If you want to increase profitability (and you’d better friggin’ want to do that), you must first build efficiencies. Focusing solely on increasing sales is like setting up a bunch of rain barrels next to your house and doing some frantic rain dance in a loincloth while ignoring a massive water source beneath your feet.
Take Idaho, for example. Idahoans enjoy an average of seventeen inches of rainfall each year, twenty inches under the national average. Hence, 95 percent of the state’s water supply comes from underground. The 135-mile-long Big Lost River collects water from the Rocky Mountains as it winds through Idaho and then just disappears as it goes subterranean. The water from the Big Lost River, the Snake River, and other underground water sources collects in the Snake River Aquifer, which measures 400 miles wide. That is enough water to serve the majority of Idaho’s agricultural needs. So that Idaho spud you’re munching on is thanks to an underground water supply—not some rain dance Idahoans learned on the Internet (albeit Idahoans know how to get their funk on).
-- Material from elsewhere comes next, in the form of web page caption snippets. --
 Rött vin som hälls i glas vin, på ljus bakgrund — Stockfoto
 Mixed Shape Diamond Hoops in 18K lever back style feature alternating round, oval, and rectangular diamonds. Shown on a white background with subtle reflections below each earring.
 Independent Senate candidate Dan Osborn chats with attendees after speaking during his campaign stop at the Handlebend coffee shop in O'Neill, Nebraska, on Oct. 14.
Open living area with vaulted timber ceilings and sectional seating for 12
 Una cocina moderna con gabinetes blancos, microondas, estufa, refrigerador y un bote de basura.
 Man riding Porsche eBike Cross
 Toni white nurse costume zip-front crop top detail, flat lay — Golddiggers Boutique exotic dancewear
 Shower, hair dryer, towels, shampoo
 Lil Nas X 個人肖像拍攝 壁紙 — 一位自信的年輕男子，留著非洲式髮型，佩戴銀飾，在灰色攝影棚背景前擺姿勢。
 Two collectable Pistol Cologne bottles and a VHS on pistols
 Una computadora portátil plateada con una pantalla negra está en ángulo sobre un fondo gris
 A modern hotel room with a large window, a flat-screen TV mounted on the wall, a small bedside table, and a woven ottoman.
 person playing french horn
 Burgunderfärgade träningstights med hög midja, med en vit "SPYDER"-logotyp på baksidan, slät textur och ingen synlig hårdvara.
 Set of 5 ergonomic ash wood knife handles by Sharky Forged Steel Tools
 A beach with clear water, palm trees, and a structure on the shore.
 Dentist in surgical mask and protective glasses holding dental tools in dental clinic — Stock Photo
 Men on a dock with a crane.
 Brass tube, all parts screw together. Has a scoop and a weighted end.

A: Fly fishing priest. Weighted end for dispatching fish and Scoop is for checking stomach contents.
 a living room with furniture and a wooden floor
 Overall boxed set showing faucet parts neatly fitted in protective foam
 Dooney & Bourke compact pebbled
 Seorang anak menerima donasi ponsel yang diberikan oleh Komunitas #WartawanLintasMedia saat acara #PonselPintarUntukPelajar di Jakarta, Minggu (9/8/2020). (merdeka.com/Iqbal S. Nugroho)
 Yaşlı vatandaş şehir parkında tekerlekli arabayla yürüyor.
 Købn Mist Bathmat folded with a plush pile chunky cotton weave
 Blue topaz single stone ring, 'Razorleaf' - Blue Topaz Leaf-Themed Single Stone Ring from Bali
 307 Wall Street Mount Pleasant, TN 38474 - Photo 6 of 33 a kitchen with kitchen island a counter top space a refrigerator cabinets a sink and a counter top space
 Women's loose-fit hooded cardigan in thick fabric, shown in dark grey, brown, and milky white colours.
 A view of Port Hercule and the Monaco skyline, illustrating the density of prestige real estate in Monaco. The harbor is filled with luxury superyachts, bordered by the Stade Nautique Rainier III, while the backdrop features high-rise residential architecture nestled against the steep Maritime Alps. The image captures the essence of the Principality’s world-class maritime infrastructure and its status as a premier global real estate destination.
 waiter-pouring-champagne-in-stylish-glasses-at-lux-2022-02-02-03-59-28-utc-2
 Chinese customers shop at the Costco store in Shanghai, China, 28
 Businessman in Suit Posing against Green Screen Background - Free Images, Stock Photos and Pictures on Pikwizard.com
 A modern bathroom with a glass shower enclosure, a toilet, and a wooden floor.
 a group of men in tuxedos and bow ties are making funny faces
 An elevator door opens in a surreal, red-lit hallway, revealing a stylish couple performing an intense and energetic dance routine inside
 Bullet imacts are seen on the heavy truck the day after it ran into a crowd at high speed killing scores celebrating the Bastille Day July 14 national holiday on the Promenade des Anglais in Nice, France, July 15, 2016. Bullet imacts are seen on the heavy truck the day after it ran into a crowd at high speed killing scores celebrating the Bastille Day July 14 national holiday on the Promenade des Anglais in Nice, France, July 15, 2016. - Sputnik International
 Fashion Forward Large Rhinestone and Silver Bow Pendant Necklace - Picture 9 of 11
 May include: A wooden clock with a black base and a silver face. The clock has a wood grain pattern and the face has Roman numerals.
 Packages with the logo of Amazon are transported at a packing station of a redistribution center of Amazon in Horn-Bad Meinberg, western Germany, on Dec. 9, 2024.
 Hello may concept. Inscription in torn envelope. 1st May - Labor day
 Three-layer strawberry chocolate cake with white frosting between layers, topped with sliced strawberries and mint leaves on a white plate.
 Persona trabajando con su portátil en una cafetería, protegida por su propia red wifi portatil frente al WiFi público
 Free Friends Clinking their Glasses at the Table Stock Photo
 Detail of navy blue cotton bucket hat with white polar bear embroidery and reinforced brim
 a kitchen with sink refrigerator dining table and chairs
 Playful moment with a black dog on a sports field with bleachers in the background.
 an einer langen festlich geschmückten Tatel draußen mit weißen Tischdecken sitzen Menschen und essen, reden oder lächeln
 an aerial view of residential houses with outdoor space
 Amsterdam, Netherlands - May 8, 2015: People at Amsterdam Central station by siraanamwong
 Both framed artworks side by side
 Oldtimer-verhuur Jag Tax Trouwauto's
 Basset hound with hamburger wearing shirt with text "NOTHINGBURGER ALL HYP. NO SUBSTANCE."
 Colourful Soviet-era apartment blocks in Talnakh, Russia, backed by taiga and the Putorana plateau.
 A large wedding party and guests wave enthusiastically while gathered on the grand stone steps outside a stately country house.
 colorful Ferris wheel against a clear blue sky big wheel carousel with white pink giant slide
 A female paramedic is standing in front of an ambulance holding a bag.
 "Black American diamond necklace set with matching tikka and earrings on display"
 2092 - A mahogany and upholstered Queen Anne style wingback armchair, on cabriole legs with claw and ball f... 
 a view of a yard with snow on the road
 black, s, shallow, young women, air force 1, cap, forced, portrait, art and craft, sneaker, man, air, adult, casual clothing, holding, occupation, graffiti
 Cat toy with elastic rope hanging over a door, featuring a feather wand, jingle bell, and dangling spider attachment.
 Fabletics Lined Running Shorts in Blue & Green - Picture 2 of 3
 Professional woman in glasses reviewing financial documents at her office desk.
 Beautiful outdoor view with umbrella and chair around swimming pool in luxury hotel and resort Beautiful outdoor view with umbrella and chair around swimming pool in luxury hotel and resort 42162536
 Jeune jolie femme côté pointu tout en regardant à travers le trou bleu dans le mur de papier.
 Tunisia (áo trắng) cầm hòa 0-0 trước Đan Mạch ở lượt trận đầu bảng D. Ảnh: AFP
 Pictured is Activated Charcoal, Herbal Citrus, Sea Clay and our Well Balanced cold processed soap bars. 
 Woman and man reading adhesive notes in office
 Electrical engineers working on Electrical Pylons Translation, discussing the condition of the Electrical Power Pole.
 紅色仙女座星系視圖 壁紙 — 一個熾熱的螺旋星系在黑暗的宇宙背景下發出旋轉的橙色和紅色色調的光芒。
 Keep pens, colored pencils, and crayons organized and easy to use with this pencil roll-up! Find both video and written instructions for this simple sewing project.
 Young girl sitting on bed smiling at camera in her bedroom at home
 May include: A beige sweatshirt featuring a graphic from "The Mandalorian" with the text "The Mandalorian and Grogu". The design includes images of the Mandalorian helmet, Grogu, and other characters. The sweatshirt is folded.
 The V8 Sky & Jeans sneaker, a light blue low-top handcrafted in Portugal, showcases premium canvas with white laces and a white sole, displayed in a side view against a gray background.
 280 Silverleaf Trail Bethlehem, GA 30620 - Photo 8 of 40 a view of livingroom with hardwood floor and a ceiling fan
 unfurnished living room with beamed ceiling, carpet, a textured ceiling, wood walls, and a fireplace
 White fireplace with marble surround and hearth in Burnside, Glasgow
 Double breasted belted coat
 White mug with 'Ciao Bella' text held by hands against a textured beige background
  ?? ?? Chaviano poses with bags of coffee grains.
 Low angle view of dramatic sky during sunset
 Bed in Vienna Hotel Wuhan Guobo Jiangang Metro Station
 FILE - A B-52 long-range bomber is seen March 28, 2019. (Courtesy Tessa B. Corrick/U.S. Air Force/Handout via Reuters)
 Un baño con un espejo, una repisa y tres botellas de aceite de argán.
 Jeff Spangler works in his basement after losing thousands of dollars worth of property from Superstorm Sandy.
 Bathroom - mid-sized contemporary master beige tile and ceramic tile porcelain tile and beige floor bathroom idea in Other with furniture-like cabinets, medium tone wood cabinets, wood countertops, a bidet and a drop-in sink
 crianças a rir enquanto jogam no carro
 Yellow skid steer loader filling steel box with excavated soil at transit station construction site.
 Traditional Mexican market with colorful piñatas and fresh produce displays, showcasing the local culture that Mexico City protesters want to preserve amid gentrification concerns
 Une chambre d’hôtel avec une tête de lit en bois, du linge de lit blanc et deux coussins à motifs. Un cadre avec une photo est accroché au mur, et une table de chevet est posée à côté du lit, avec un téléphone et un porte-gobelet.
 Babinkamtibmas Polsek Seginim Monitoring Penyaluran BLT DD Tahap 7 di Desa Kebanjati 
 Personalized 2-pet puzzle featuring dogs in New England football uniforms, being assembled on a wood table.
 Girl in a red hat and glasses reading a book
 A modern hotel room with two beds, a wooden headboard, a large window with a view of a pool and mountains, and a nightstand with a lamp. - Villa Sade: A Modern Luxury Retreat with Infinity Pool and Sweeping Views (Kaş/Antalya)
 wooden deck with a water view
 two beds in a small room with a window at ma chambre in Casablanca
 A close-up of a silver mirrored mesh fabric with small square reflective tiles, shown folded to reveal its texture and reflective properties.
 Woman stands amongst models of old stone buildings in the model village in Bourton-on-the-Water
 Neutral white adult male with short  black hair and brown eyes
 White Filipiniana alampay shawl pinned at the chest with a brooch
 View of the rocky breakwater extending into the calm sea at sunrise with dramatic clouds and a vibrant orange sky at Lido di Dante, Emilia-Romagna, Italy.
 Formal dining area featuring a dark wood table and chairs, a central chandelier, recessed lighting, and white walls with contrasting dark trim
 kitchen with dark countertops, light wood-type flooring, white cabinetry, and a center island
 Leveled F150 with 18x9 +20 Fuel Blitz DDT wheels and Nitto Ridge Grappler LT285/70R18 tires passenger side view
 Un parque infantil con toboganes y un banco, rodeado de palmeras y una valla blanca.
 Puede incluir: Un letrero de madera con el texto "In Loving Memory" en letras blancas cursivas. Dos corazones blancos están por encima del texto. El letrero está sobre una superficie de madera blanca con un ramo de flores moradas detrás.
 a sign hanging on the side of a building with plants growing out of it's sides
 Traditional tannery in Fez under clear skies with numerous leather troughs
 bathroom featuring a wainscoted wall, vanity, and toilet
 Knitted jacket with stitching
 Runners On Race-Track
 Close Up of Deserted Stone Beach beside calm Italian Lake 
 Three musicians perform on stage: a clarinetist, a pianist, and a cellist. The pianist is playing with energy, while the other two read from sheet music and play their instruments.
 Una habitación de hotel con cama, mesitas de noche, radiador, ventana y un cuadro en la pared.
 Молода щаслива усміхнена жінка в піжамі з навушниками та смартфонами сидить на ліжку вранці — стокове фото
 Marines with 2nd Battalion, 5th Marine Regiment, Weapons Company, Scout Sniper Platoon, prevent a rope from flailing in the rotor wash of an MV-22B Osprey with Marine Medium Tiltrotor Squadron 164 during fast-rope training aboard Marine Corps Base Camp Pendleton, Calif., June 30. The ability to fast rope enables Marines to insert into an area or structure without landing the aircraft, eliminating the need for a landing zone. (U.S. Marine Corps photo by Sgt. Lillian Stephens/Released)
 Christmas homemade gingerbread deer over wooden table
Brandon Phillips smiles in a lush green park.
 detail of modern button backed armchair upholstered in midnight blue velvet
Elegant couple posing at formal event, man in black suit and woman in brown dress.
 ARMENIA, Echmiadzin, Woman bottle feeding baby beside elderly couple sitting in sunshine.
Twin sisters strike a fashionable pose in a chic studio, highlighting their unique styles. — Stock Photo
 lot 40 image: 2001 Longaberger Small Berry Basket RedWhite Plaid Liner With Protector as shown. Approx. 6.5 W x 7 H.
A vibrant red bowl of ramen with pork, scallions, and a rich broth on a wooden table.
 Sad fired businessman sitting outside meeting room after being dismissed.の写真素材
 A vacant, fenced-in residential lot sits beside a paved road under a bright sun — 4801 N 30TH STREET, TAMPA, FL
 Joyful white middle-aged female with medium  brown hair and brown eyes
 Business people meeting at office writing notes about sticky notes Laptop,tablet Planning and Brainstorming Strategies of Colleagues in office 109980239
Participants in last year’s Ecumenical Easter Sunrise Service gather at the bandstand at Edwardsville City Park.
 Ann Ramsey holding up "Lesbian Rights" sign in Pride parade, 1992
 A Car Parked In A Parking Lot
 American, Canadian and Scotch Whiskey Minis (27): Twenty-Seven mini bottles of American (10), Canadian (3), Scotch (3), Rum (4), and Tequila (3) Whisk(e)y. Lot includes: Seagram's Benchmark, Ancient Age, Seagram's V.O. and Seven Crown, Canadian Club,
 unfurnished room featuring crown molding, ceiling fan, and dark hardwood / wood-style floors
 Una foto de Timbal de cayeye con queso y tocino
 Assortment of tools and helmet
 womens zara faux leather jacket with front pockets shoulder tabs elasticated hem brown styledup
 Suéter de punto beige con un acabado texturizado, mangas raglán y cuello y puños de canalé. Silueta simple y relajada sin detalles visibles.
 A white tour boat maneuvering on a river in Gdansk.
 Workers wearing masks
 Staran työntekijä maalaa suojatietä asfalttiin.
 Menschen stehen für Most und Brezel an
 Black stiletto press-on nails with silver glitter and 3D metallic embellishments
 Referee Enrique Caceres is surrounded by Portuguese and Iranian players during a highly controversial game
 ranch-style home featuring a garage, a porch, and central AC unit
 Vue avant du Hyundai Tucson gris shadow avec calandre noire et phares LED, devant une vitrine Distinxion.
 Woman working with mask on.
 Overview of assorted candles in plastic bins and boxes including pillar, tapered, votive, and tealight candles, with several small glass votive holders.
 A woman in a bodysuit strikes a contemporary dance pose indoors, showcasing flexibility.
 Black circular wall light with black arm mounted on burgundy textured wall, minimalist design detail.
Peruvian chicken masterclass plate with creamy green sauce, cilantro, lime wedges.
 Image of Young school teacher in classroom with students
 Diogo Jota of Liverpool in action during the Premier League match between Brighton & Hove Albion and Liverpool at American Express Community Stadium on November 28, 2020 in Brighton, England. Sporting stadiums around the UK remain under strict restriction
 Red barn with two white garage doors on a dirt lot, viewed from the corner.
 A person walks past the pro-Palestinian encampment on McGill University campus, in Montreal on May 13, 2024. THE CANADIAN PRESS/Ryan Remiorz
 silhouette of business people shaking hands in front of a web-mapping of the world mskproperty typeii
Why should you care about Idaho and its underground lakes? Because 95 percent of your company’s profitability is contingent on what goes on beneath the surface (after the sales), not what happens in the sky (the sales themselves). And it is what’s going on “underground” that will help you “find” gobs of money.
THE PROFIT SQUEEZE
A few years ago I was asked to keynote the Global Student Entrepreneur Awards in Washington, D.C., where leading collegiate entrepreneurs from all over the world gather and are recognized for their incredible impact. At breakfast on the morning of the event, I ended up sitting next to Greg Crabtree. Greg is the author of Simple Numbers, Straight Talk, Big Profits! Greg caught my attention immediately, talking with another gentleman at our table about college football. I inserted myself into their discussion (“Go Hokies!”), and soon enough the conversation drifted to entrepreneurs and profitability. I remember thinking: “Hold on—we are talking about college football and profitability. There is a God!”
After Greg recounted some information he shares in his book about how to maximize profitability, I asked, “Is there such a thing as too much profit? Is there a ceiling?”
“You always want to expand profit,” Greg replied. “In fact, you must, because there are outside forces that will continually take your profitability away—your competition. As you find ways to increase profitability, or even if you don’t, your competition is doing the same. Everyone is trying to become more profitable. And as businesses become more profitable, the competitive pressure sets in and prices drop to attract more customers.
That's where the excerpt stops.